I think it makes a big difference if the preferred theory is gender/racial equality as opposed to fundamentalist Christianity, and whether the opposition to those perceived challenges result from emotional sensitivity as opposed to blind faith. At the very least, the blog post doesn't indicate that the author would be irrational about issues other than marginalization.

Comment by Josh You (scrafty) on Fascists and Rakes · 2014-01-06T00:33:47.416Z · LW · GW

I don't see how the fact that the permissiveness principle is only based on one (two, actually, including the third one) of the six foundations would imply that it's not a widely-held intuition.

Comment by Josh You (scrafty) on December Monthly Bragging Thread · 2013-12-04T02:08:48.493Z · LW · GW

How risk-averse are you? But even if you aren't, I suspect that right now bitcoins aren't a great investment strictly in expected-value terms due to the high risk that they will decline in value by a lot. No one really knows what will happen, though.

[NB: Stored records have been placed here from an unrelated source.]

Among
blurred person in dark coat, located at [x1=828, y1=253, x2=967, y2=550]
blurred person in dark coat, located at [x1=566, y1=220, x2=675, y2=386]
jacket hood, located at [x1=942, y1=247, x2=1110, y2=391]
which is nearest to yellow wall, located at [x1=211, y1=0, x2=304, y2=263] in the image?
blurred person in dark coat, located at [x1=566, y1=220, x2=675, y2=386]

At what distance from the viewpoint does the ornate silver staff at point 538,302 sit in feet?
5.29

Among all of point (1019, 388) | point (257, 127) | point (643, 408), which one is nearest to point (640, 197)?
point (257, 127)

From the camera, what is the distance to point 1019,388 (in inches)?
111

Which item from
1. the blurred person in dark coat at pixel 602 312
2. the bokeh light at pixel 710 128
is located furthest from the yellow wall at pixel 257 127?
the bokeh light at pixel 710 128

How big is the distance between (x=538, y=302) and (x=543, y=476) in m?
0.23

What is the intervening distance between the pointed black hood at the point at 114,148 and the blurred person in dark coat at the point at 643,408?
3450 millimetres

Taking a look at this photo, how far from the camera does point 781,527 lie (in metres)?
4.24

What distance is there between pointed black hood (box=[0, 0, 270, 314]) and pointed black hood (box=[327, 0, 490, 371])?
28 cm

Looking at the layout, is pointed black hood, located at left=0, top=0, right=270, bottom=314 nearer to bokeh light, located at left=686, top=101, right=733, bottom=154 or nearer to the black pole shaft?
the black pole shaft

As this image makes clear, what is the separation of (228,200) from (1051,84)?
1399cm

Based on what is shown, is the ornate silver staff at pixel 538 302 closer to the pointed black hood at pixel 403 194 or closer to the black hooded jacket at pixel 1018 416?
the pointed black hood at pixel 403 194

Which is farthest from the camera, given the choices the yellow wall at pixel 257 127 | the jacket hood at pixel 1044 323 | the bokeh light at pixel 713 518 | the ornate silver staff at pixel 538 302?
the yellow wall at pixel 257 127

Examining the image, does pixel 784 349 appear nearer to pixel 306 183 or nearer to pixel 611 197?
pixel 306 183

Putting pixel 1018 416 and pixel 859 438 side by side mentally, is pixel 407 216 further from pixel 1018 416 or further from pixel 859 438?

Comment by Josh You (scrafty) on A critique of effective altruism · 2013-12-03T01:50:22.731Z · LW · GW

Another possible critique is that the philosophical arguments for ethical egoism are (I think) at least fairly plausible. The extent to which this is a critique of EA is debatable (since people within the movement state that it's compatible with non-utilitarian ethical theories and that it appeals to people who want to donate for self-interested reasons) but it's something which merits consideration.

Comment by Josh You (scrafty) on Some thoughts on relations between major ethical systems · 2013-11-26T03:56:48.220Z · LW · GW

Ehh, I think that's pretty much what rule util means, though I'm not that familiar with the nuances of the definition so take my opinion with a grain of salt. Rule util posits that we follow those rules with the intent of promoting the good; that's why it's called rule utilitarianism.

Comment by Josh You (scrafty) on Some thoughts on relations between major ethical systems · 2013-11-25T18:40:18.371Z · LW · GW

That would be a form of deontology, yes. I'm not sure which action neo-Kantians would actually endorse in that situation, though.

Comment by Josh You (scrafty) on Some thoughts on relations between major ethical systems · 2013-11-25T17:24:53.061Z · LW · GW

I think that's accurate, though maybe not because the programming jargon is unnecessarily obfuscating. The basic point is that following the rule is good in and of itself. You shouldn't kill people because there is a value in not killing that is independent of the outcome of that choice.

Comment by Josh You (scrafty) on Some thoughts on relations between major ethical systems · 2013-11-25T05:54:14.797Z · LW · GW

Your description of deontological ethics sounds closer to rule consequentialism, which is a different concept. Deontology means that following certain rules is good in and of itself, not because they lead to better decisionmaking (in terms of promoting some other good) in situations of uncertainty.

Comment by Josh You (scrafty) on 2013 Less Wrong Census/Survey · 2013-11-22T17:51:06.478Z · LW · GW

Survey taken. Defected since I'm neutral as to whether the money goes to Yvain or a random survey-taker, but would prefer the money going to me over either of those two.